Noting that his short mayoral term ends in June, Farrell remarked: “Given my limited shelf-life, if that [citywide broadband] project alone is the only thing we get done, I will tell you my time in office is well-served.”

Farrell spoke before hundreds of mayors and technology officials from other cities at the Smart City Connect conference in Kansas City, Mo.

The fiber network is planned to reach to every home and business in the city. A major purpose of the network will be to serve 100,000 San Francisco residents who don’t have Internet access—about 12% of the total.
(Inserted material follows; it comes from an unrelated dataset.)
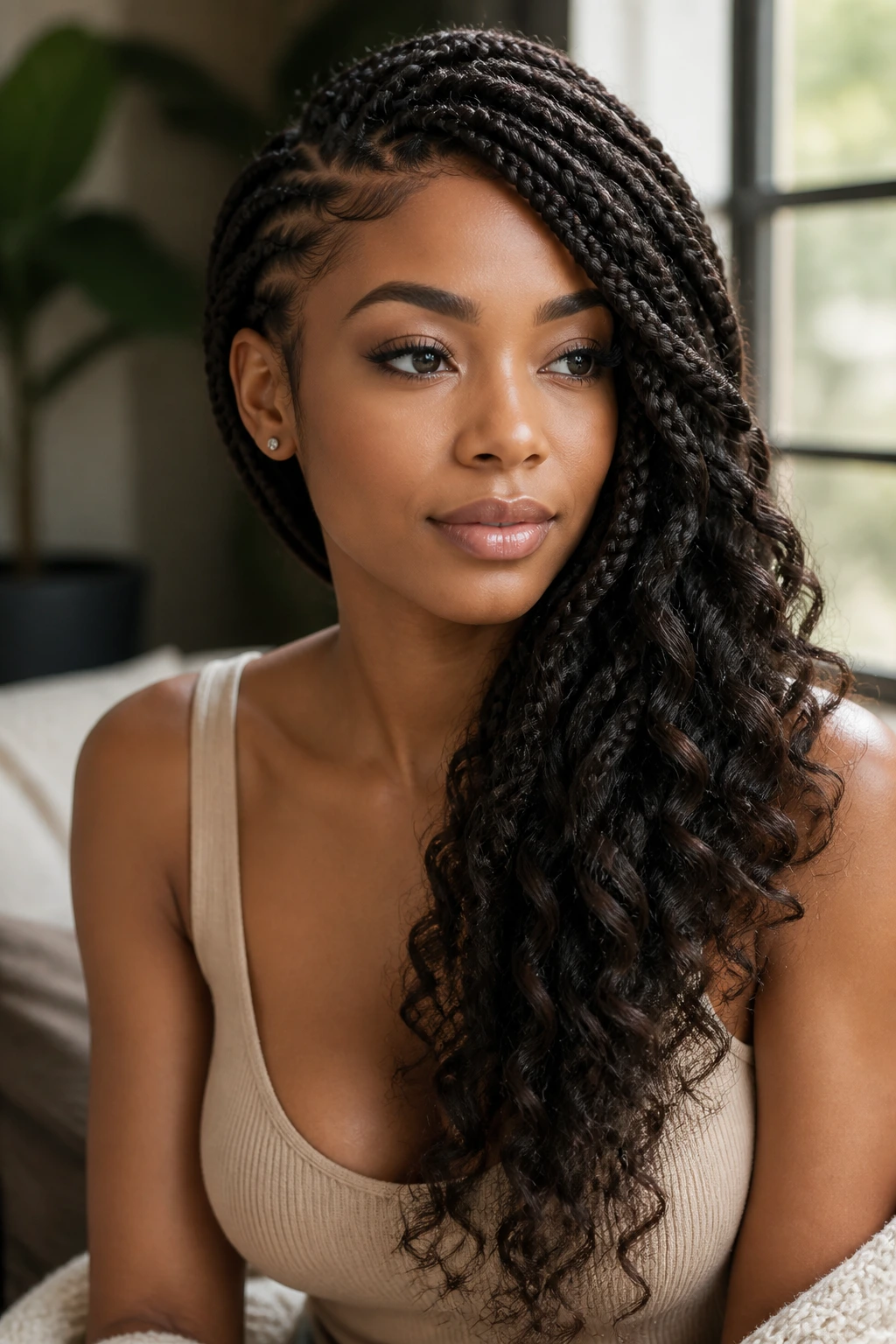 Side-swept braid framing the face on a real person, showcasing the shape change.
“With so many amazing companies in San Francisco like Uber and Twitter, we still have communities being left behind. It’s shameful…It’s criminal in many regards,” Farrell said.

He noted that current Internet providers in the city, AT&T and Comcast, “have done a good job and we are still not closing the digital divide.”

“With the FCC and Trump rolling back net neutrality and consumer privacy protections, it’s the antithesis of what most of America wants,” Farrell added.

“The digital divide won’t be cured unless the government steps in,” he said, to loud applause from attendees from other cities.

Farrell promised San Francisco’s network will be publicly-owned “because voters won’t accept anything else.” He predicted voters will swiftly approve the project later this year.

The network will also operate as a utility with 100% coverage of “every single household and business,” he said. It will also be an open access network, where every person under the poverty line will get the service free. “It will offer best in class net neutrality, privacy and network security,” he added .We want the best for residents.” He also said he wants speeds to include a 1 gigabit per second tier.

The project, he admitted, is in a group of fiber broadband projects that offer “no incentive for a private sector model.” He said fast speeds with the city’s future Internet would bolster 5G wireless rollouts to help serve Internet of Things devices in transportation and health care.

“We know if 5G is going to work, fiber has to be part of the equation. 5G won’t replace the citywide need for fiber,” Farrell said. The city is ready to work with 5G providers to provide fiber backhaul, he added.

Farrell concluded on the theme of urging other municipalities to push for government broadband to solve the digital divide. “The status quo is not working,” he said.